Items from a dataset:
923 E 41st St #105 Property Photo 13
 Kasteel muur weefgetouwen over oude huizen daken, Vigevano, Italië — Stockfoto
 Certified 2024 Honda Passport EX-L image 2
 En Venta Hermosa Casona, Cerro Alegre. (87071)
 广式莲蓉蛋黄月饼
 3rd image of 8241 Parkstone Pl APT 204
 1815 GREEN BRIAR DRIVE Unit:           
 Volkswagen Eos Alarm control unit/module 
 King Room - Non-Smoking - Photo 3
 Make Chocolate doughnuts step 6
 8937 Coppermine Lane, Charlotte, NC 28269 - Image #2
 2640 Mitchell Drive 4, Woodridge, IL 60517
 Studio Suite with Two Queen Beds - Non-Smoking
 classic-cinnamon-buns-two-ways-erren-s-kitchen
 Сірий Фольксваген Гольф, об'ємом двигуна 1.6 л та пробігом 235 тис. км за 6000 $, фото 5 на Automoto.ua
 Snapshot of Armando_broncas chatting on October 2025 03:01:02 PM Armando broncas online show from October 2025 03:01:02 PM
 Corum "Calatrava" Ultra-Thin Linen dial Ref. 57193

Exercise objective:
Give back all the data exactly as written.

Solved problem:
923 E 41st St #105 Property Photo 13
 Kasteel muur weefgetouwen over oude huizen daken, Vigevano, Italië — Stockfoto
 Certified 2024 Honda Passport EX-L image 2
 En Venta Hermosa Casona, Cerro Alegre. (87071)
 广式莲蓉蛋黄月饼
 3rd image of 8241 Parkstone Pl APT 204
 1815 GREEN BRIAR DRIVE Unit:           
 Volkswagen Eos Alarm control unit/module 
 King Room - Non-Smoking - Photo 3
 Make Chocolate doughnuts step 6
 8937 Coppermine Lane, Charlotte, NC 28269 - Image #2
 2640 Mitchell Drive 4, Woodridge, IL 60517
 Studio Suite with Two Queen Beds - Non-Smoking
 classic-cinnamon-buns-two-ways-erren-s-kitchen
 Сірий Фольксваген Гольф, об'ємом двигуна 1.6 л та пробігом 235 тис. км за 6000 $, фото 5 на Automoto.ua
 Snapshot of Armando_broncas chatting on October 2025 03:01:02 PM Armando broncas online show from October 2025 03:01:02 PM
 Corum "Calatrava" Ultra-Thin Linen dial Ref. 57193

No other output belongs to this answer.